◆ AVAILABLE DATA

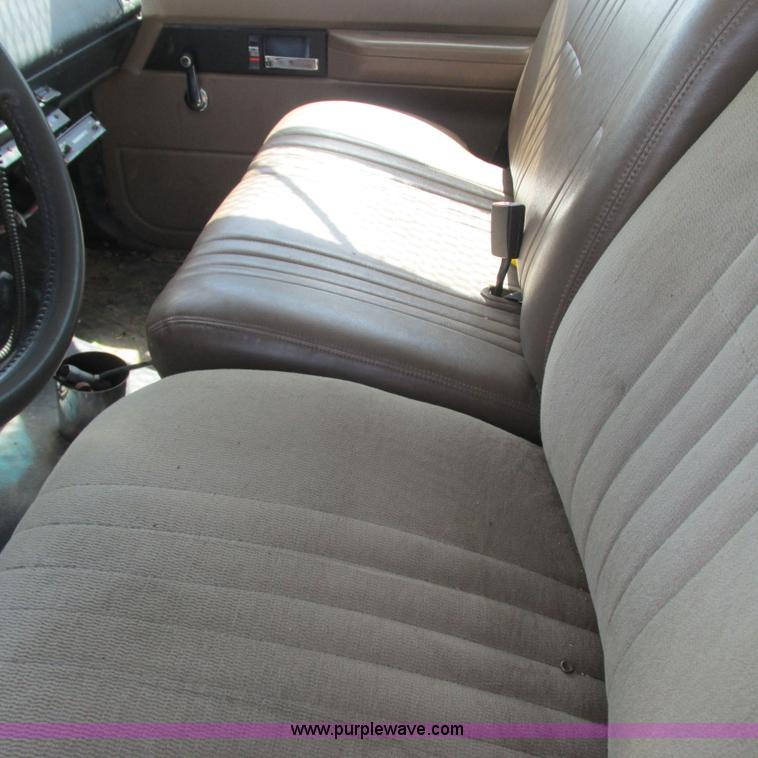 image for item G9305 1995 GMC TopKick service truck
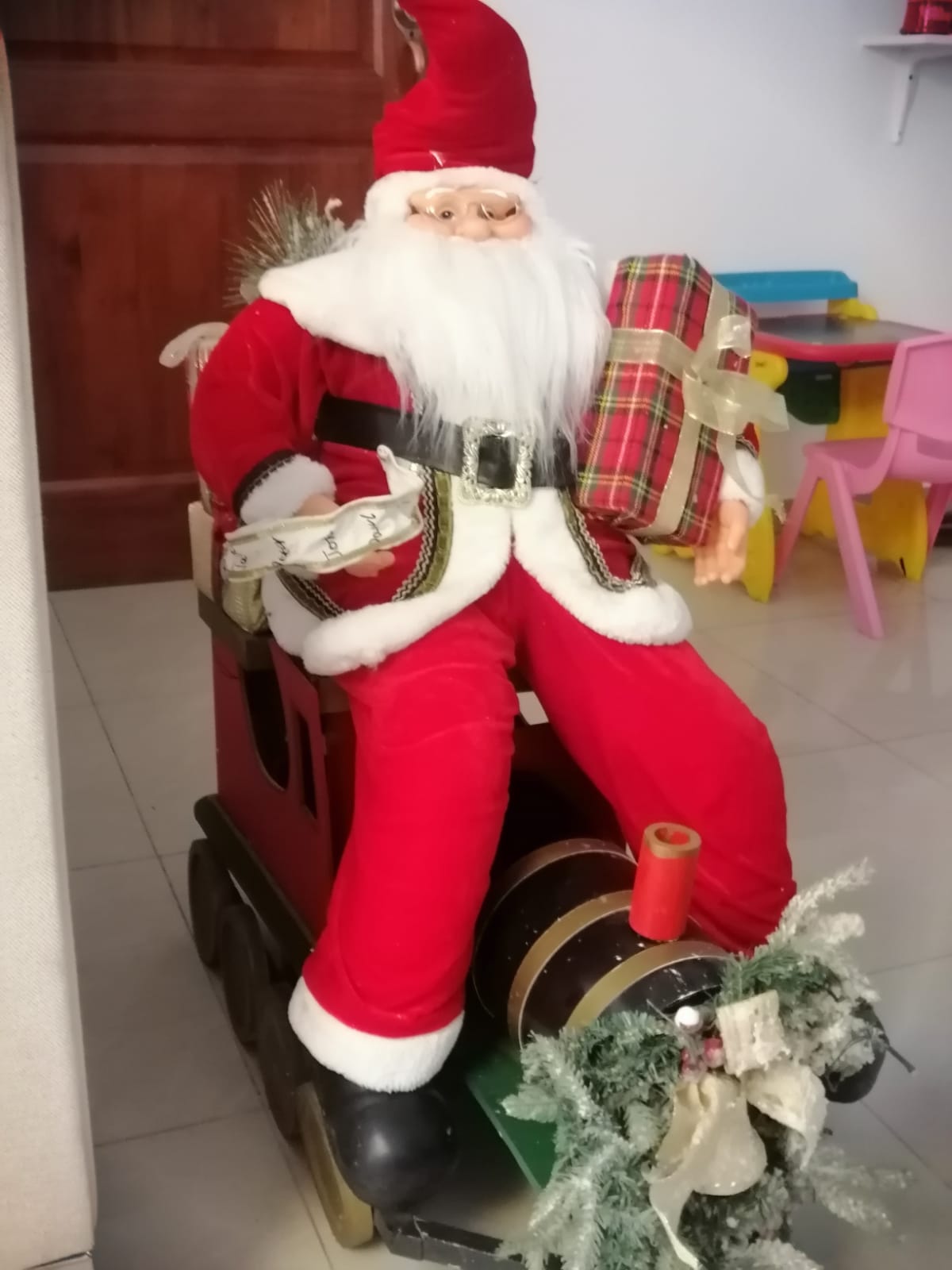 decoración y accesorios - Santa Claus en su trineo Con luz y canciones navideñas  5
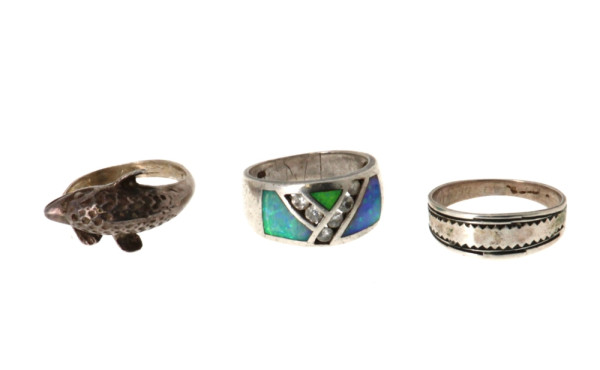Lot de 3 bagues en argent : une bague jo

◆ PROBLEM TO SOLVE
An exact transcript of the listing is needed, free of pictures.

◆ SOLUTION BELOW
 image for item G9305 1995 GMC TopKick service truck
 decoración y accesorios - Santa Claus en su trineo Con luz y canciones navideñas  5
Lot de 3 bagues en argent : une bague jo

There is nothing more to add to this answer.